High Throughput Synchronous Distributed Stochastic Gradient Descent

TL;DR

This paper presents a novel synchronous distributed stochastic gradient descent algorithm that uses a generative model to predict worker run-times, enabling dynamic cutoff adjustments that improve throughput and reduce training time.

Contribution

It introduces a deep generative model for worker run-time prediction and demonstrates its effectiveness in dynamically optimizing gradient aggregation in distributed training.

Findings

Dynamic cutoff based on run-time prediction increases throughput.

Using generative models reduces neural network training times.

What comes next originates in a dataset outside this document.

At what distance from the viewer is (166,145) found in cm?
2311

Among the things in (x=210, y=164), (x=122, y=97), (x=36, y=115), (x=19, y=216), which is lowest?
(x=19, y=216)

Eagerly discarding straggler gradients improves convergence speed.

Abstract

We introduce a new, high-throughput, synchronous, distributed, data-parallel, stochastic-gradient-descent learning algorithm. This algorithm uses amortized inference in a compute-cluster-specific, deep, generative, dynamical model to perform joint posterior predictive inference of the mini-batch gradient computation times of all worker-nodes in a parallel computing cluster. We show that a synchronous parameter server can, by utilizing such a model, choose an optimal cutoff time beyond which mini-batch gradient messages from slow workers are ignored that maximizes overall mini-batch gradient computations per second. In keeping with earlier findings we observe that, under realistic conditions, eagerly discarding the mini-batch gradient computations of stragglers not only increases throughput but actually increases the overall rate of convergence as a function of wall-clock time by virtue of eliminating idleness. The principal novel contribution and finding of this work goes beyond this by demonstrating that using the predicted run-times from a generative model of cluster worker performance to dynamically adjust the cutoff improves substantially over the static-cutoff prior art, leading to, among other things, significantly reduced deep neural net training times on large computer clusters.